Hypnosis and self-hypnosis involves moving from beta to alpha brain waves. This is induction.

Takes up to the first 20minutes.

  • Sit up straight
  • Close your eyes
  • Focus on the body

Technique 1: Body part induction. Body/merged with subconscious. Thinking about body puts you in your cerebellum (seat of subconscious). You think about location of orientation of your body. Sense density, weight, heaviness. Scan from part to part. Sense the tear-dropped shape of space around your body. Become aware of the way the room occupies space, the volume it fills.
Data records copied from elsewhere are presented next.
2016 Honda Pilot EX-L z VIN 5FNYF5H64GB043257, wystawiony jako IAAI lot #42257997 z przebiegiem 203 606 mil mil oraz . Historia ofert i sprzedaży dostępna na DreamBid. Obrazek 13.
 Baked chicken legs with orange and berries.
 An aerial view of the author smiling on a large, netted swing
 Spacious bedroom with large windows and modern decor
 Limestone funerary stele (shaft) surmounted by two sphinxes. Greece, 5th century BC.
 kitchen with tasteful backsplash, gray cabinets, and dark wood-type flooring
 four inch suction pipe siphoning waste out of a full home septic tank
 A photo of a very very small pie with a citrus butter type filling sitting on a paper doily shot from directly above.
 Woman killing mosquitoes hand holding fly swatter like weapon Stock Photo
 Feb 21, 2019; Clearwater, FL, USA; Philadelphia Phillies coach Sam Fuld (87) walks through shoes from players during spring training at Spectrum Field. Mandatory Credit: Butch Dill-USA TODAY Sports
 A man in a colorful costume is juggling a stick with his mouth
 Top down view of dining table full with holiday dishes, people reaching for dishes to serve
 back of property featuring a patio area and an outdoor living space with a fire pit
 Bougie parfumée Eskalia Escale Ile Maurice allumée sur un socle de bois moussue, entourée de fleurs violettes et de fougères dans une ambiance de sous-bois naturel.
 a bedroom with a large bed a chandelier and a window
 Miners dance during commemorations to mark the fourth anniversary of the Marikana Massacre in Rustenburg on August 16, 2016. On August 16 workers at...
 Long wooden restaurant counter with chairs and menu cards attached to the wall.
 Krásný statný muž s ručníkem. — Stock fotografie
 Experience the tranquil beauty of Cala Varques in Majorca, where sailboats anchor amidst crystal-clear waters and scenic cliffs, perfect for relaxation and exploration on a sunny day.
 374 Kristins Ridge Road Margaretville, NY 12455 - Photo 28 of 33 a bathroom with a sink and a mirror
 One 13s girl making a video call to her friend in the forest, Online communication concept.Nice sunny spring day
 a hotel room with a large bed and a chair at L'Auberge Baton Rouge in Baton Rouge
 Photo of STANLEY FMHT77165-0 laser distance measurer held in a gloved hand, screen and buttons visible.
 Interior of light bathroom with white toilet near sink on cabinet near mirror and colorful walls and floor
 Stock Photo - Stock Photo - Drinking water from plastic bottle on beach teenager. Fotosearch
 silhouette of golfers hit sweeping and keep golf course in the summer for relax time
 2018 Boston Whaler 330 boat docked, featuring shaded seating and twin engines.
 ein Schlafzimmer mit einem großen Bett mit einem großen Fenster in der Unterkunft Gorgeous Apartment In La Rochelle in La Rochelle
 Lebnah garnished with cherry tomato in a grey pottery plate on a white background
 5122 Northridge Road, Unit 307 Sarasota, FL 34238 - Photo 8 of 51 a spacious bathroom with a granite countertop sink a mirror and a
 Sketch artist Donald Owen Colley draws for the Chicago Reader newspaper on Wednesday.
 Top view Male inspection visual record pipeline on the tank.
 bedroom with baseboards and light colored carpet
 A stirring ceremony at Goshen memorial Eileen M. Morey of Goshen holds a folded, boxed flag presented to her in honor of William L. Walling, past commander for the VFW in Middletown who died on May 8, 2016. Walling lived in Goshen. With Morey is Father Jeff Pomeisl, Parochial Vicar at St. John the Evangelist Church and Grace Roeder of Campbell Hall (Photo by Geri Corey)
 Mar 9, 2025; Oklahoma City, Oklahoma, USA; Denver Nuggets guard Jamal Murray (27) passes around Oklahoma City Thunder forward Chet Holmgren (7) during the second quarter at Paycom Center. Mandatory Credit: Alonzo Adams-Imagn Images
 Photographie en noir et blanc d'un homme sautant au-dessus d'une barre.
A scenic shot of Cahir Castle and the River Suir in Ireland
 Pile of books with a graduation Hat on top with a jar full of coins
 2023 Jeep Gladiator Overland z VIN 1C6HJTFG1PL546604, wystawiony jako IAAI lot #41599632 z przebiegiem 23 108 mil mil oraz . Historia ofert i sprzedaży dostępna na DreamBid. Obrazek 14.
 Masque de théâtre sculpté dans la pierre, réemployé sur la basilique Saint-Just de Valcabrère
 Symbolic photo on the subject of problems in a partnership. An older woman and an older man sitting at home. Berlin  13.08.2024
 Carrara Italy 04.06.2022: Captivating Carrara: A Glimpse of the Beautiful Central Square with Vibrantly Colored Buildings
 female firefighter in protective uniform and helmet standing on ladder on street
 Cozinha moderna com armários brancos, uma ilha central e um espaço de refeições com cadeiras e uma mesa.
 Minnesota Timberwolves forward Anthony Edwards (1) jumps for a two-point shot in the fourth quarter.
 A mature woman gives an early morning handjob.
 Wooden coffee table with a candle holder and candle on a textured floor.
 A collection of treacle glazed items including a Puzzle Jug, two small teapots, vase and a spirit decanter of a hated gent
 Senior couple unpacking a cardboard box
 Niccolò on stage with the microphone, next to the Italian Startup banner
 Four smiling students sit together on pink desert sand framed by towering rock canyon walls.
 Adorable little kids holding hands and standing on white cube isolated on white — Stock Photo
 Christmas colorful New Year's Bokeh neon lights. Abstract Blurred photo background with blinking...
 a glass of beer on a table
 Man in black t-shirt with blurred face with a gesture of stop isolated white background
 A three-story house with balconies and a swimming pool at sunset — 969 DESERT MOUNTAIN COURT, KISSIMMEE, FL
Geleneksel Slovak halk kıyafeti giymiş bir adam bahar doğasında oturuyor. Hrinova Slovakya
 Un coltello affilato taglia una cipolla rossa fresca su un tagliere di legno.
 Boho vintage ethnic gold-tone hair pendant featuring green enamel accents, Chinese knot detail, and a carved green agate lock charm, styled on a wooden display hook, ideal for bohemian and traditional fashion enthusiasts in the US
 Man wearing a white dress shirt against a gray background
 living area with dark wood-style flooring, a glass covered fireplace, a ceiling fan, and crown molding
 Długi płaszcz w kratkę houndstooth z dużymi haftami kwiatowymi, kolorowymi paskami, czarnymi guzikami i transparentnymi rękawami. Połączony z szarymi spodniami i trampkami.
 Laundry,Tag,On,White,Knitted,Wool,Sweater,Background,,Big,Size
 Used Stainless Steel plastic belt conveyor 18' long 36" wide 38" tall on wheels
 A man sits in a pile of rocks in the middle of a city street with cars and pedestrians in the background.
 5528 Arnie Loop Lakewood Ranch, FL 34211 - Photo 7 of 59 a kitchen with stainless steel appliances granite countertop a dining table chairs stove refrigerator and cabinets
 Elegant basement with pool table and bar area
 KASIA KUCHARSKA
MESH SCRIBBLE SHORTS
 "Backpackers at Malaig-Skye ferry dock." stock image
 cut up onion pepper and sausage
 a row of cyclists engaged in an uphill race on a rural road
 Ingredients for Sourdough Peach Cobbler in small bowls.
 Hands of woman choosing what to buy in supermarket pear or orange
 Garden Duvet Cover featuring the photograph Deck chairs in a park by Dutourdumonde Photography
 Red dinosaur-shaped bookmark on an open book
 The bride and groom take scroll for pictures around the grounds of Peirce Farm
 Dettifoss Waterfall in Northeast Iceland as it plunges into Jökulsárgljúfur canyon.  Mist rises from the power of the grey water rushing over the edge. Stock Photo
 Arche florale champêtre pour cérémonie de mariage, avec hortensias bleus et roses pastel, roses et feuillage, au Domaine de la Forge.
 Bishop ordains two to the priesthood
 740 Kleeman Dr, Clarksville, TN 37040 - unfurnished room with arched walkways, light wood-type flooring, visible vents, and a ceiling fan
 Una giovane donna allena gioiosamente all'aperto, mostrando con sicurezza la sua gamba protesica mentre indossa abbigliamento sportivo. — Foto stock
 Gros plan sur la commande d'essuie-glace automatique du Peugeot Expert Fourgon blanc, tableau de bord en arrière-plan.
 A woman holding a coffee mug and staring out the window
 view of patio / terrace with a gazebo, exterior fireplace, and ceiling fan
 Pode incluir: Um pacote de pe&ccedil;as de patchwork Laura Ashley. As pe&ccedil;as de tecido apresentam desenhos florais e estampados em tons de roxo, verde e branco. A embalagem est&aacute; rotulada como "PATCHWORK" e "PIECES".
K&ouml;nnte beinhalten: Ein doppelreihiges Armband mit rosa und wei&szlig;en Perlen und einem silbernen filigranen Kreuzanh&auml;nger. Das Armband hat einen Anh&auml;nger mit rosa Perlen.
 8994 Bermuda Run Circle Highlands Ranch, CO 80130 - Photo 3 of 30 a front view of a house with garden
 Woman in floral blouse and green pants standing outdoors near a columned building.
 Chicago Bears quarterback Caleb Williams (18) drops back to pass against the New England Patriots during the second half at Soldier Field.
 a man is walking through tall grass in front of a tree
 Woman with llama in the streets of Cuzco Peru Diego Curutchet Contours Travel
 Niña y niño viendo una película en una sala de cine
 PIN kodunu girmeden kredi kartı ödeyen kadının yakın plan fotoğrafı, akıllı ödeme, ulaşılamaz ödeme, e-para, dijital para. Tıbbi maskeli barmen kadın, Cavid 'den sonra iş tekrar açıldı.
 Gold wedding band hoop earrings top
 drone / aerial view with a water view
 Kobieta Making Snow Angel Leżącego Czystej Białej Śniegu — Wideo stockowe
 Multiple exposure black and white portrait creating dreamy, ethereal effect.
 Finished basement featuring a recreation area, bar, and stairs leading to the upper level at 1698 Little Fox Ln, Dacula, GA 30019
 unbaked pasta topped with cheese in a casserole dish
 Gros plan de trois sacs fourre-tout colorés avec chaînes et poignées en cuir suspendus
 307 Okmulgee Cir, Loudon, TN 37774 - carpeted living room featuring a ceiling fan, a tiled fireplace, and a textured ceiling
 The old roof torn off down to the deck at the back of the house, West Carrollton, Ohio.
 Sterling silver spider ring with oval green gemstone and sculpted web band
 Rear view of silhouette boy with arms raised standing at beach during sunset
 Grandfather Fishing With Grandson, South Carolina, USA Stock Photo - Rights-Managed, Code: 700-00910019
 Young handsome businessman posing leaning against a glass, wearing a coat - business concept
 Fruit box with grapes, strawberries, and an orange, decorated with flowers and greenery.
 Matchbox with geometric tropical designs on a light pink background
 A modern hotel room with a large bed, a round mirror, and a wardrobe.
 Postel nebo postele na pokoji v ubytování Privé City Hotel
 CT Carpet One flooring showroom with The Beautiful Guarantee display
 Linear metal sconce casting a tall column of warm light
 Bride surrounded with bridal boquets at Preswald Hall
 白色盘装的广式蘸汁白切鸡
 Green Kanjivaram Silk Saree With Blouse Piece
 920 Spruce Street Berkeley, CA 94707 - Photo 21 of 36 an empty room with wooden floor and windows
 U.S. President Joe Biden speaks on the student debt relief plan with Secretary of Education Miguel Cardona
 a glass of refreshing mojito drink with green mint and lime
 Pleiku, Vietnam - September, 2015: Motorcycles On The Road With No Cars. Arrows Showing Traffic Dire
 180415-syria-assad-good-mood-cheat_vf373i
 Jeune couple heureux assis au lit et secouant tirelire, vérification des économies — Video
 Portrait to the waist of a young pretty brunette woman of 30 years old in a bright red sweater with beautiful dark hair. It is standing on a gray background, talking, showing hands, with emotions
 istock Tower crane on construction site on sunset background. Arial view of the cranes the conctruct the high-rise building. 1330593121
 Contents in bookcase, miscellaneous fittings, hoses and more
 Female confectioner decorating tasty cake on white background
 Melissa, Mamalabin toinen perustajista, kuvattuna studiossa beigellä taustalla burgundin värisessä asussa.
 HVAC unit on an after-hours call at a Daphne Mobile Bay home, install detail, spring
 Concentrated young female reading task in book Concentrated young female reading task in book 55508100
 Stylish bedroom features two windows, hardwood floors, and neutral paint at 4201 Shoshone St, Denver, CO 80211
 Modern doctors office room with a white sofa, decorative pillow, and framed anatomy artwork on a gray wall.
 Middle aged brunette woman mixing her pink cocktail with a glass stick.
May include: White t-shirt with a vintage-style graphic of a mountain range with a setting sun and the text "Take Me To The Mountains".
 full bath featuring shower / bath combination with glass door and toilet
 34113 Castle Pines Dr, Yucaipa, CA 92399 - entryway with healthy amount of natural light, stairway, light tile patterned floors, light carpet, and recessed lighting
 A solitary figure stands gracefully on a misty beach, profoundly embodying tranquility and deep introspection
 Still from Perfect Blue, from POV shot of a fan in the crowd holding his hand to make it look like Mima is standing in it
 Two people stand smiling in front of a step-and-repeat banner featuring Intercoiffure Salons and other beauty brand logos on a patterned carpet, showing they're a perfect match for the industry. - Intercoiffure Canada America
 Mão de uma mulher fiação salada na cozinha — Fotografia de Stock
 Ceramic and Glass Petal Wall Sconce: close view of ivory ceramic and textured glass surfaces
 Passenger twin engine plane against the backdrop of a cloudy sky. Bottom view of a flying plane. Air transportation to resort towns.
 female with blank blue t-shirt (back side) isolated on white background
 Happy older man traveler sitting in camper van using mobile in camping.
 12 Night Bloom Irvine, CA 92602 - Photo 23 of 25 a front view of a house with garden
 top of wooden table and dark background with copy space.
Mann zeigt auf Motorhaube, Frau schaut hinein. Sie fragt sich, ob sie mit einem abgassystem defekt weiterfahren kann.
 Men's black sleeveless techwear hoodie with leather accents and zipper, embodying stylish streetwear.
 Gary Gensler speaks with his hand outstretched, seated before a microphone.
Technique 2: water rising technique. Imagine water slowly rising in the room, observe the space the water occupies around you. Slowly scanning up. Until it fills the entire room.

chapter 11: prune away the habit of being yourself

Step 2. Recognising. Identify the problem, name it(?). Once you are relaxed, watch yourself. Be the observer of the self. Be conscious of what was once unconscious.

Pose some frontal lobe questions:

  • What kind of person have I been?
  • What kind of person do I present to the world? What is one side of my “gap” like?
  • What kind of person am I really like inside? What is the other side of my gap like?
  • Is there a feeling I experience or even struggle with over and over with, everyday?
  • How would my closest friends and family describe me?
  • Is thee something about my self that I hide from others?
  • What part of my personality do I need to work on improving?
  • What is one thing I want to change about myself?

Choose an emotion to unmemorise. Choose one of your afflictive emotional states of mind, one of the habits of being yourself you want to relinquish. These emotions are at the root of a lot.

Pick one emotion that is a big part of who you are. That you want to unmemorise. E.g. denial, anxiety.

  • Observe how the emotion feels in your body.
  • Observe your state of mind, attitude when you feel this emotion. E.g. competitive, self-pitying, overly intellectual, lazy, needy, self involved, sensitive?

Step 3. Acknowledge and declare. Owning up your failures, to a higher/universal power.

Change in joy instead of pain.

Opportunity to write: talk intimately and honestly with this higher power, tell it the stories you’ve carried around with you. E.g. o feel like I haven’t been able to do what I needed all these years.

Bridges the gap, releases energy that can be used for building a new you.

Admission is internal but declaration is external. What do you want to declare?

Step 4: surrendering. Yield to a greater power, allow it to resolve your limitations or blocks.

Let it take care of the how. The ego must relinquish control.

Your giving up that emotion you don’t want anymore.

You don’t have to do anything in exchange. You can’t tell it how to do anything.


Write: surrender statements.

Hand over that part of you to the higher mind to make it something greater.

Be thankful. Thankfulness is the supreme state of receivership.